# Data Wrangling 1.3

In [1]:
import math
import numpy as np
import pandas as pd

import psycopg2

import json

import csv

import pprint

from datetime import datetime as dt


In [2]:
connection = psycopg2.connect(
    user = "postgres",
    password = "ucb",
    host = "postgres",
    port = "5432",
    database = "postgres"
)

In [3]:
cursor = connection.cursor()

# Lab: Reading Flat JSON Files

In [4]:
def my_read_flat_json(file_name, limit_lines, limit_json):
    "read a flat json file, detect if it has a header, detect if it is in big data format"
    
    print("------------------------------------")
    print("   ", file_name)
    print("------------------------------------")
    
    f = open(file_name, "r")
    
    data = f.read()
    
    f.close()
    
    lines = data.splitlines(False)
    
    i = 0
    
    for line in lines:
        print(line)
        i += 1
        if i == limit_lines:
            break
    
    print("\n>>> Printed", limit_lines, "lines of", len(lines), "total lines.")
    
    if lines[0][0] == '{' and lines[0][-1] == '}':
        json_temp = []
        for line in lines:
            json_temp.append(json.loads(line))
    else:
        json_temp = json.loads(data)
    
    if type(json_temp) == dict:
        json_list = json_temp['data']
    else:
        json_list = json_temp
    
    i = 0
    
    for j in json_list:
        print("\n>>>JSON Object #", i, "unformatted:\n\n", j)
        print("\n>>>JSON Object #", i, "pretty printed:\n")
        pprint.pprint(j, sort_dicts=False, indent=2)
        i += 1
        if i == limit_json:
            break;

    print('\n')
    

In [5]:
my_read_flat_json("temp_stores_no_header.json", 25, 3)

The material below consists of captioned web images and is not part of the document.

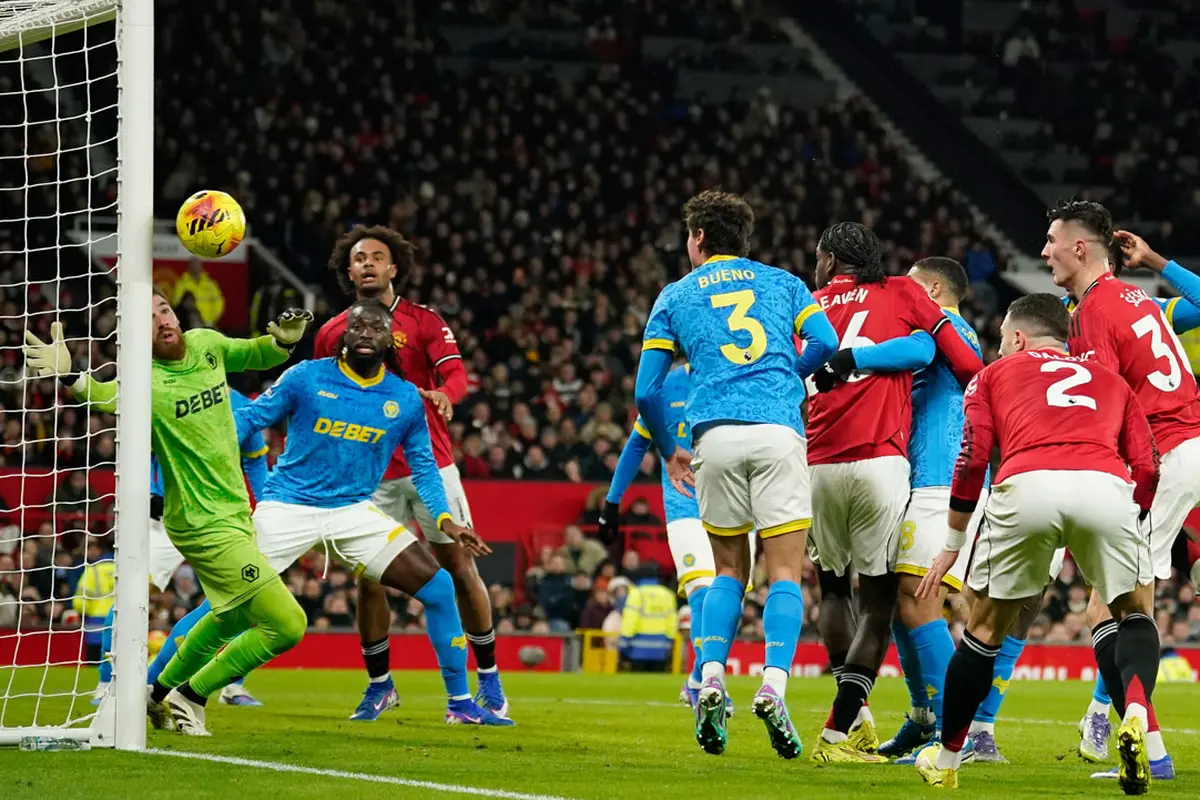 Pemain Manchester United, Benjamin Sesko (kanan), menyundul bola pada laga Premier League/Liga Inggris antara Man Utd vs Wolves
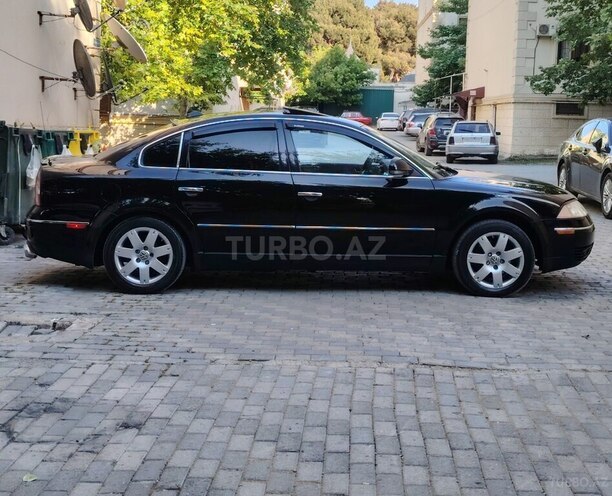 Volkswagen Passat-10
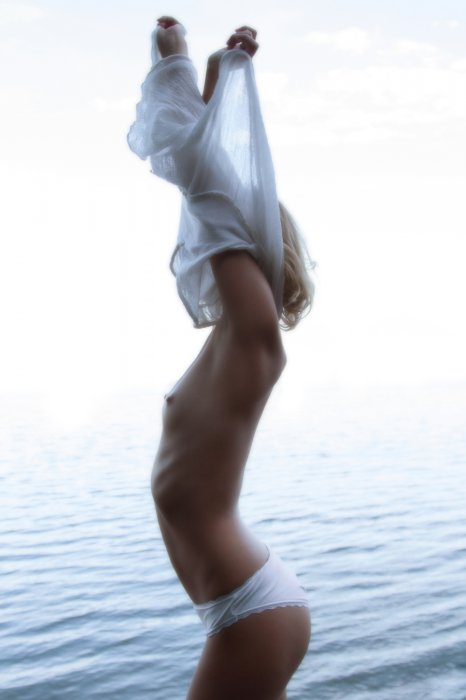 Девушки бывают разные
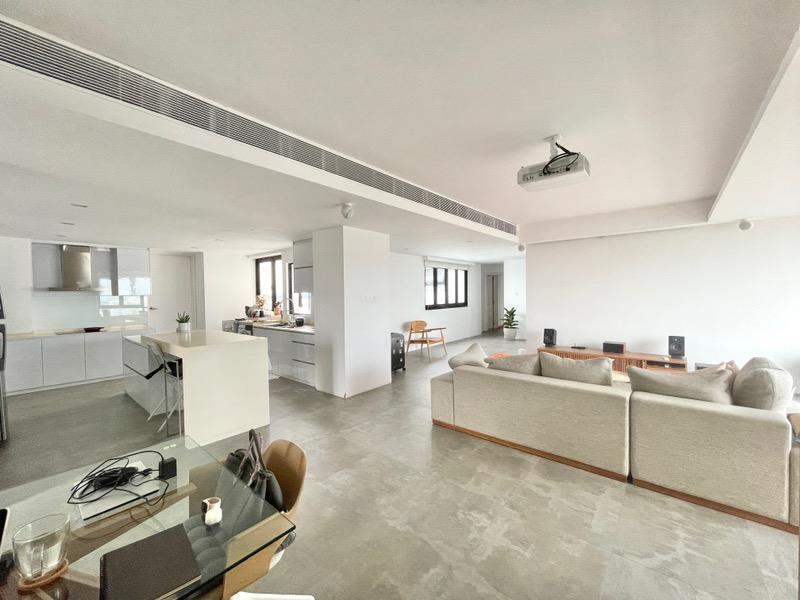 Condominium for Sale, Flame Tree Park Condominium For Sale, $4,000,000, 3 Bed 2 Bath 2,164 sqft $1,848.00 psf, SGD 4,000,000 | Freehold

------------------------------------
    temp_stores_no_header.json
------------------------------------
[
  {
    "store_id": 1,
    "street": "3000 Telegraph Ave",
    "city": "Berkeley",
    "state": "CA",
    "zip": "94705",
    "latitude": 37.8555,
    "longitude": -122.2604
  },
  {
    "store_id": 2,
    "street": "1001 Broadway",
    "city": "Seattle",
    "state": "WA",
    "zip": "98122",
    "latitude": 47.6114,
    "longitude": -122.3214
  },
  {
    "store_id": 3,
    "street": "2510 McKinney Ave",
    "city": "Dallas",
    "state": "TX",
    "zip": "75201",

>>> Printed 25 lines of 47 total lines.

>>>JSON Object # 0 unformatted:

 {'store_id': 1, 'street': '3000 Telegraph Ave', 'city': 'Berkeley', 'state': 'CA', 'zip': '94705', 'latitude': 37.8555, 'longitude': -122.2604}

>>>JSON Object # 0 pretty printed:

{ 'store_id': 1,
  'street': '3000 Telegraph Ave',
  'city': 'Berkeley',
  'state': 'CA',
  'zip': '94705',
  'latitude': 37.8555,
  'longitude': -122.2604}

>>>JSON

In [6]:
my_read_flat_json("temp_stores_header.json", 25, 3)

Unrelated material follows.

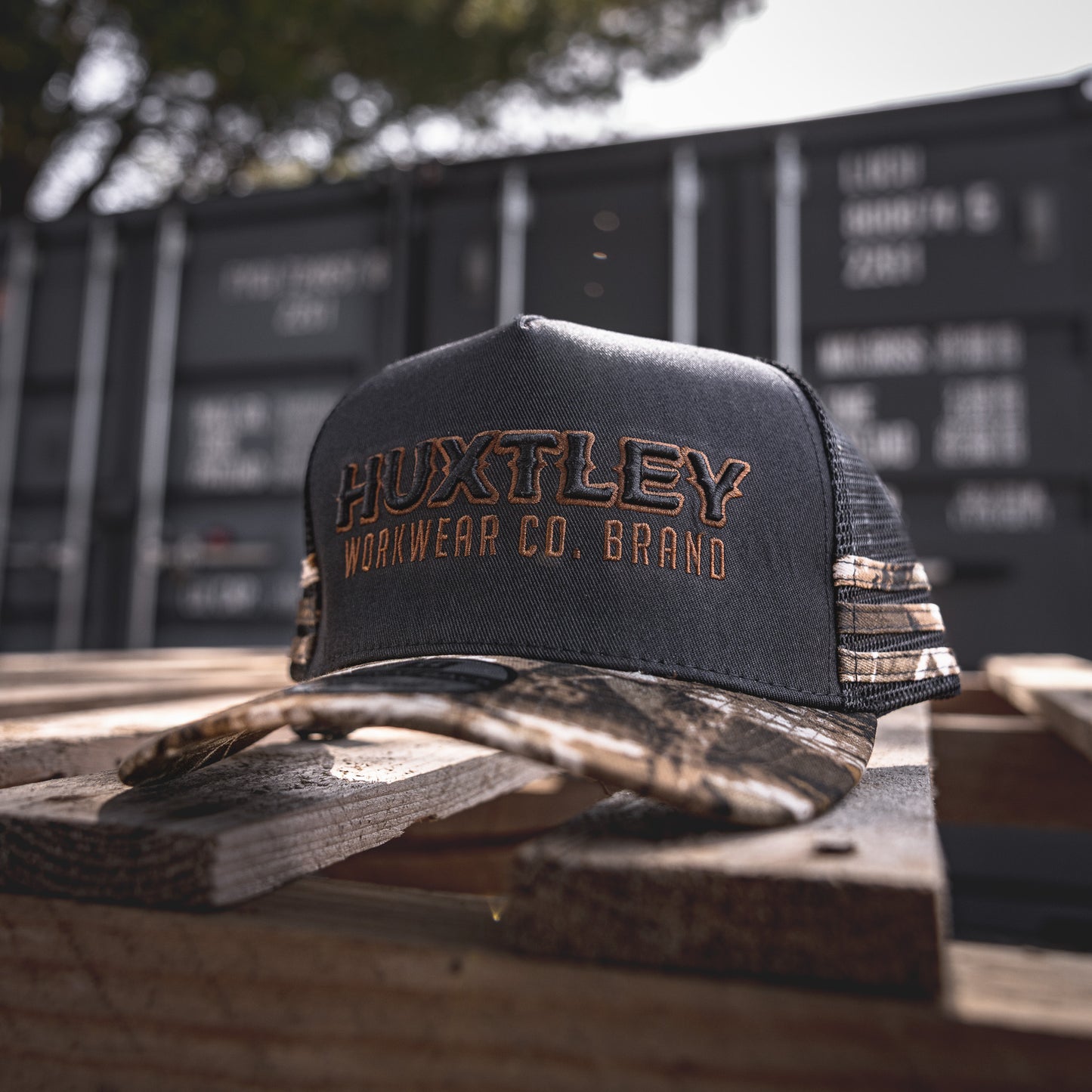 
                  
                    HS-73 "Workwear Co. Brand" Snapback Black/ Hunter Camo/ Mud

------------------------------------
    temp_stores_header.json
------------------------------------
{
  "creator": "Acme Gourmet Meals",
  "timestamp": "2021-07-10 23:30:36",
  "file_name": "temp_stores_header.json",
  "version": "12.4.7",
  "legal": "Unauthorized use, duplication, or possession, blah, blah",
  "data": [
    {
      "store_id": 1,
      "street": "3000 Telegraph Ave",
      "city": "Berkeley",
      "state": "CA",
      "zip": "94705",
      "latitude": 37.8555,
      "longitude": -122.2604
    },
    {
      "store_id": 2,
      "street": "1001 Broadway",
      "city": "Seattle",
      "state": "WA",
      "zip": "98122",
      "latitude": 47.6114,
      "longitude": -122.3214
    },

>>> Printed 25 lines of 54 total lines.

>>>JSON Object # 0 unformatted:

 {'store_id': 1, 'street': '3000 Telegraph Ave', 'city': 'Berkeley', 'state': 'CA', 'zip': '94705', 'latitude': 37.8555, 'longitude': -122.2604}

>>>JSON Object # 0 pretty printed:

{ 'store_id': 1,
  'street': '

In [7]:
my_read_flat_json("temp_stores_big_data.json", 25, 3)

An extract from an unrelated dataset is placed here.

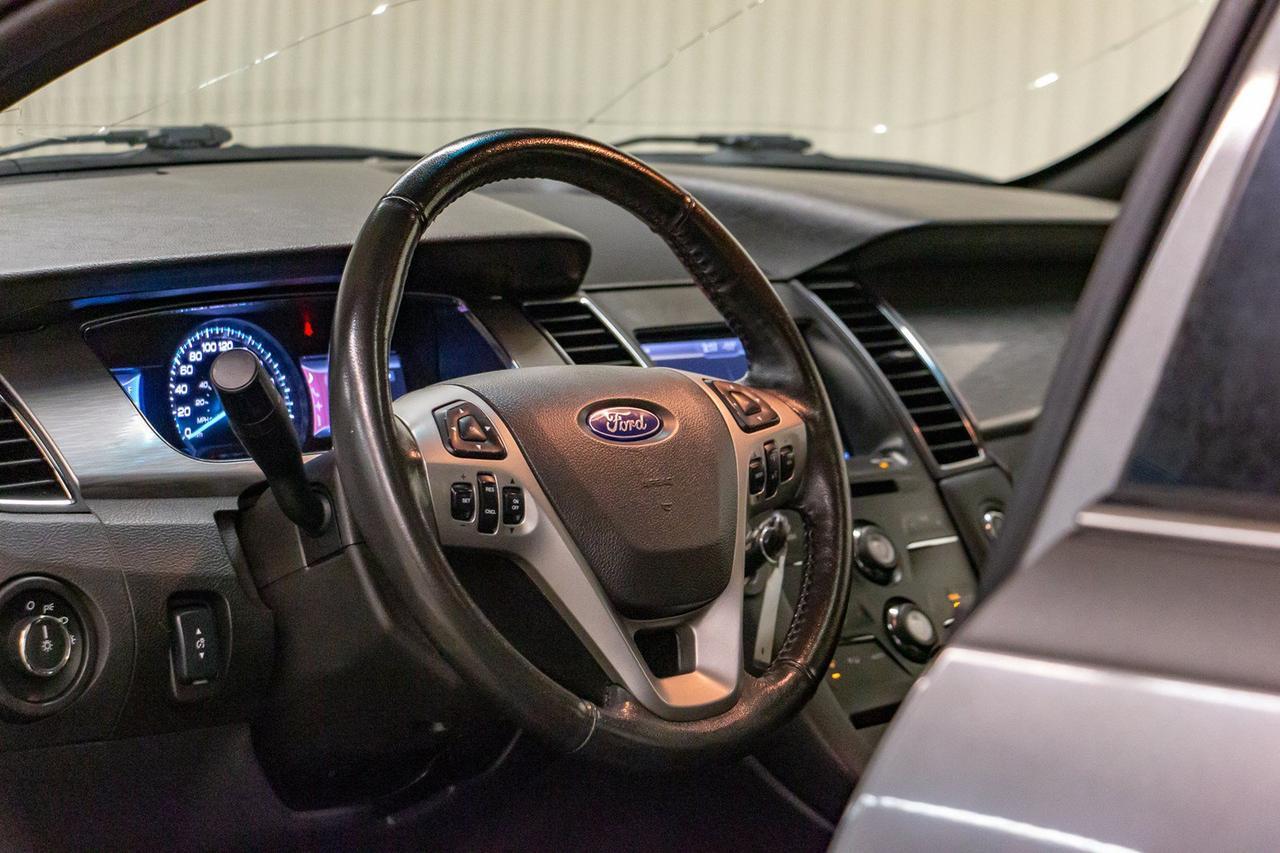 2013 Ford Taurus SEL Leather Roof Heated Seats Red Deer AB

------------------------------------
    temp_stores_big_data.json
------------------------------------
{"store_id": 1, "street": "3000 Telegraph Ave", "city": "Berkeley", "state": "CA", "zip": "94705", "latitude": 37.8555, "longitude": -122.2604}
{"store_id": 2, "street": "1001 Broadway", "city": "Seattle", "state": "WA", "zip": "98122", "latitude": 47.6114, "longitude": -122.3214}
{"store_id": 3, "street": "2510 McKinney Ave", "city": "Dallas", "state": "TX", "zip": "75201", "latitude": 32.7958, "longitude": -96.8015}
{"store_id": 4, "street": "299 SE 3rd Ave", "city": "Miami", "state": "FL", "zip": "33131", "latitude": 25.772, "longitude": -80.1891}
{"store_id": 5, "street": "1202 Broadway", "city": "Nashville", "state": "TN", "zip": "37203", "latitude": 36.1568, "longitude": -86.7881}

>>> Printed 25 lines of 5 total lines.

>>>JSON Object # 0 unformatted:

 {'store_id': 1, 'street': '3000 Telegraph Ave', 'city': 'Berkeley', 'state': 'CA', 'zip': '94705', 'latitude': 37.8555, 'long

## You try it - read and understand the structure of the following json files:

* temp_sales_no_header.json
* temp_sales_header.json
* temp_sales_big_data.json

* temp_line_items_no_header.json
* temp_line_items_header.json
* temp_line_items_big_data.json

* temp_customers_no_header.json
* temp_customers_header.json
* temp_customers_big_data.json

* temp_products_no_header.json
* temp_products_header.json
* temp_products_big_data.json

* temp_holidays_no_header.json
* temp_holidays_header.json
* temp_holidays_big_data.json


# Lab: Loading Flat JSON Data into Database Tables

In [11]:
def my_flat_json_2_csv(file_name):
    "read a flat json file, convert to csv"
        
    f = open(file_name, "r")
    
    data = f.read()
    
    f.close()
    
    output_file_name = file_name[:-4] + "csv"
    
    f = open(output_file_name, "w")
    
    lines = data.splitlines(False)
    
    if lines[0][0] == '{' and lines[0][-1] == '}':
        json_temp = []
        for line in lines:
            json_temp.append(json.loads(line))
    else:
        json_temp = json.loads(data)
    
    if type(json_temp) == dict:
        json_list = json_temp['data']
    else:
        json_list = json_temp
    
    dw = csv.DictWriter(f, json_list[0].keys())
    dw.writeheader()
    dw.writerows(json_list)
    
    f.close()

In [12]:
my_flat_json_2_csv("temp_stores_no_header.json")

In [13]:
my_flat_json_2_csv("temp_stores_header.json")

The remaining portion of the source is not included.